Could you retype exactly the lines below between the one holding "Ivory-backdropped dice. Differing" and the one holding "Funkcionalna enojna postelja", inclusive, leaving out any pictures?
Supplied material Block Start
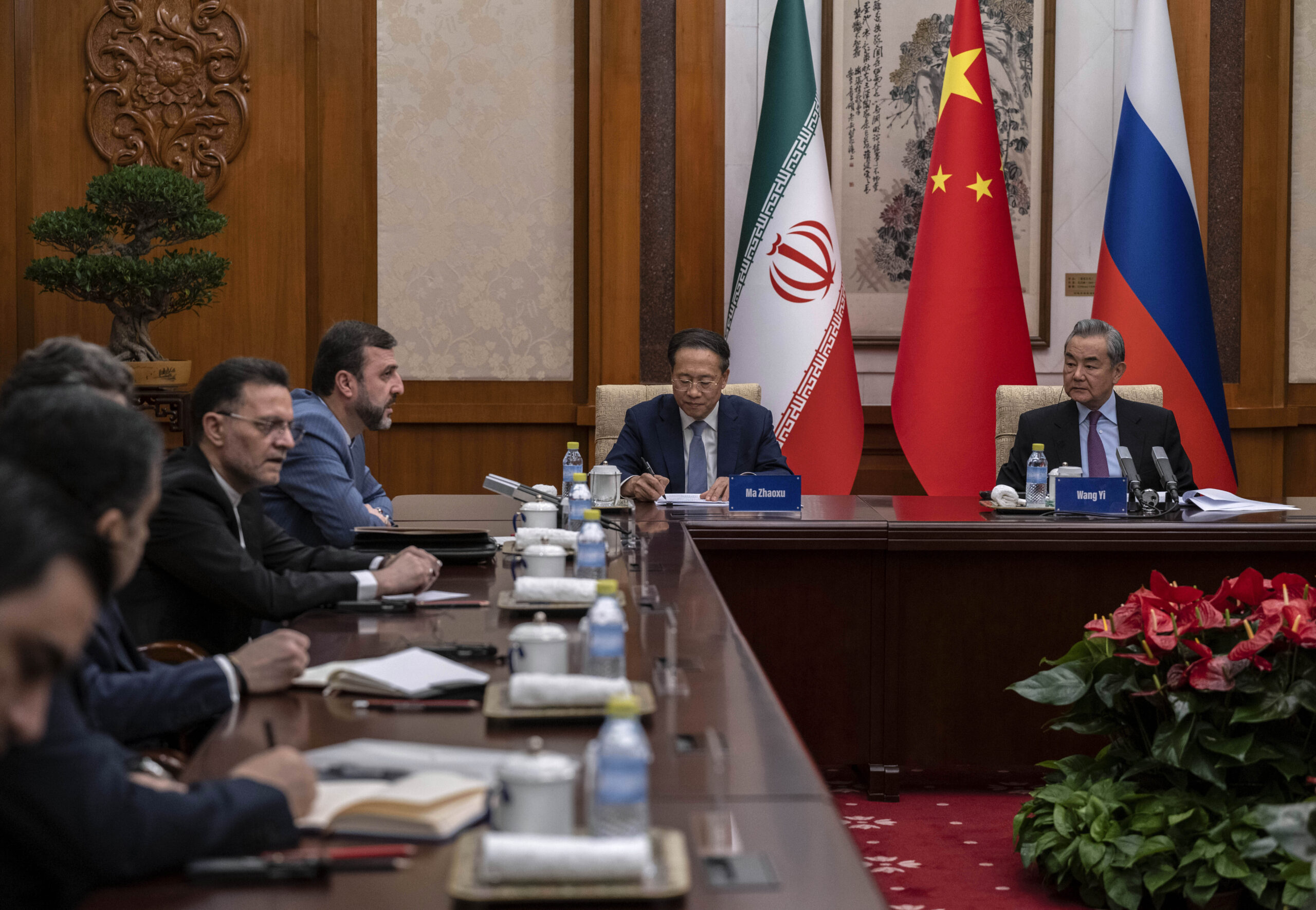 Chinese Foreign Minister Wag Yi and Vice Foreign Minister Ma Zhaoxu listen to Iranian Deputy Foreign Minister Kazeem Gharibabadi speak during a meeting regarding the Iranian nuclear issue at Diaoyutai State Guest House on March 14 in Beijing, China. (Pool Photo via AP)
Supplied material Block End
Supplied material Block Start
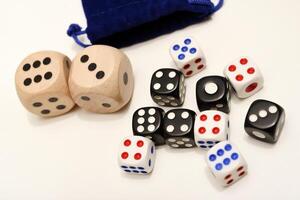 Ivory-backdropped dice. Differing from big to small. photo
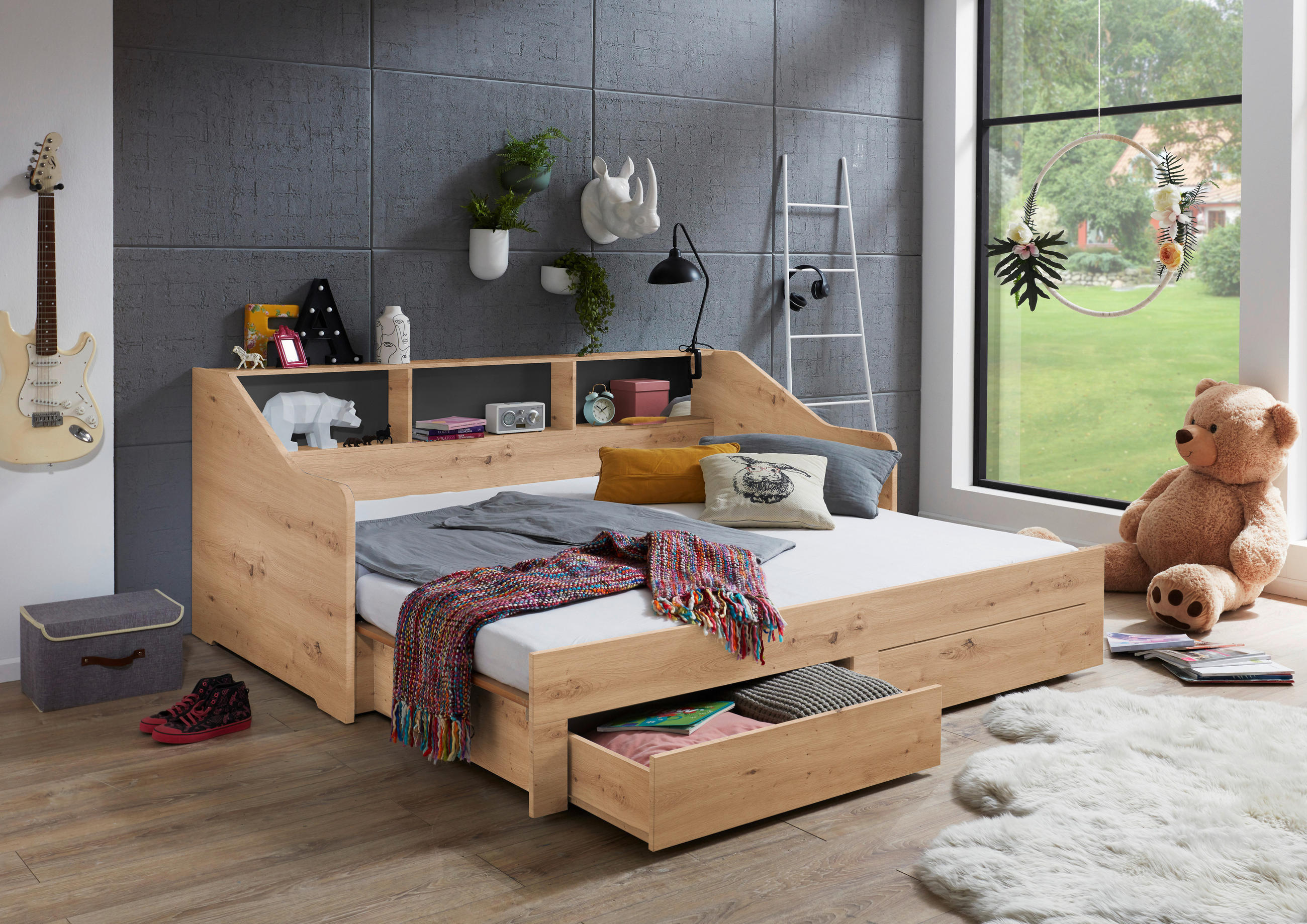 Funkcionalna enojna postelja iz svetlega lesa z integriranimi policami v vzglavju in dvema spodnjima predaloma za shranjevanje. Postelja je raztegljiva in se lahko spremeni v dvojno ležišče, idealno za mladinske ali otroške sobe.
Supplied material Block End
Written solution:
 Ivory-backdropped dice. Differing from big to small. photo
 Funkcionalna enojna postelja iz svetlega lesa z integriranimi policami v vzglavju in dvema spodnjima predaloma za shranjevanje. Postelja je raztegljiva in se lahko spremeni v dvojno ležišče, idealno za mladinske ali otroške sobe.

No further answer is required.